***** Source material
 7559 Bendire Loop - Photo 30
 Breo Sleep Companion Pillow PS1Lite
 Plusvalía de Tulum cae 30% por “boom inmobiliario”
**********
▶ [Directions for this task]
Your response should consist of the data above, duplicated exactly.

▶ [Exercise result]
 7559 Bendire Loop - Photo 30
 Breo Sleep Companion Pillow PS1Lite
 Plusvalía de Tulum cae 30% por “boom inmobiliario”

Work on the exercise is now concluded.